Distributed Inference with Minimal Off-Chip Traffic for Transformers on Low-Power MCUs

Severin Bochem,Victor J.B. Jung,Arpan Prasad,Francesco Conti,Luca Benini
2024-12-06
Abstract:Contextual Artificial Intelligence (AI) based on emerging Transformer models is predicted to drive the next technology revolution in interactive wearable devices such as new-generation smart glasses. By coupling numerous sensors with small, low-power Micro-Controller Units (MCUs), these devices will enable on-device intelligence and sensor control. A major bottleneck in this class of systems is the small amount of on-chip memory available in the MCUs. In this paper, we propose a methodology to deploy real-world Transformers on low-power wearable devices with minimal off-chip traffic exploiting a distributed system of MCUs, partitioning inference across multiple devices and enabling execution with stationary on-chip weights.

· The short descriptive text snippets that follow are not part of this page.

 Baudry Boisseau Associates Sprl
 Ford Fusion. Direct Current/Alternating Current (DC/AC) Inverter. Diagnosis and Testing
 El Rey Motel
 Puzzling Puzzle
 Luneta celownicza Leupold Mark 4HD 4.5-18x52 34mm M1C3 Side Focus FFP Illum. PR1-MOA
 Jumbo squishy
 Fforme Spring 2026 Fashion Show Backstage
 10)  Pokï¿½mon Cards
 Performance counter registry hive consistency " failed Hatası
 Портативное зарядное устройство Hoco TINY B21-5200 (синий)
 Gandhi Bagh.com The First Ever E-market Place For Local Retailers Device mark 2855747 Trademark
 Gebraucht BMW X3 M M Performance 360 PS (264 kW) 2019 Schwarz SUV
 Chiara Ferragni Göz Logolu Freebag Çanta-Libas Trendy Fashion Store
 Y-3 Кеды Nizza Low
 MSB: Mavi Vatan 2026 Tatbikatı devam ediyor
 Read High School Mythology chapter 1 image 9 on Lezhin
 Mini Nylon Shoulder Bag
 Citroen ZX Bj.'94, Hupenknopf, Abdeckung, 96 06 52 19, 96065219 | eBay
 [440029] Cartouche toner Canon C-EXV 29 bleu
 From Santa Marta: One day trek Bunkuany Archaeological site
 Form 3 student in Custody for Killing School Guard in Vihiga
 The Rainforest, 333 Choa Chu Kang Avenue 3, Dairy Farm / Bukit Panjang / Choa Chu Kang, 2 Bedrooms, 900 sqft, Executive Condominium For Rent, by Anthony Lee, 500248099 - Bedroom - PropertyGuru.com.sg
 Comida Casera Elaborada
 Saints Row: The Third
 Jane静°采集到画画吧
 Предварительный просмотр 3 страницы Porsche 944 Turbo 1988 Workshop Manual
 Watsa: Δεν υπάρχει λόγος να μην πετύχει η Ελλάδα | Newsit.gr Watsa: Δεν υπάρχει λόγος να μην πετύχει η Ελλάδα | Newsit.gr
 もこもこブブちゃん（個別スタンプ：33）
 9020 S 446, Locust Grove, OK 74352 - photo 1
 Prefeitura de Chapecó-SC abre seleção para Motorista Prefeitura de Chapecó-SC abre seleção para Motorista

We validate the scheme by deploying the TinyLlama-42M decoder-only model on a system of 8 parallel ultra-low-power MCUs. The distributed system achieves an energy consumption of 0.64 mJ, a latency of 0.54 ms per inference, a super-linear speedup of 26.1 x, and an Energy Delay Product (EDP) improvement of 27.2 x, compared to a single-chip system. On MobileBERT, the distributed system's runtime is 38.8 ms, with a super-linear 4.7 x speedup when using 4 MCUs compared to a single-chip system.
Hardware Architecture
What problem does this paper attempt to address?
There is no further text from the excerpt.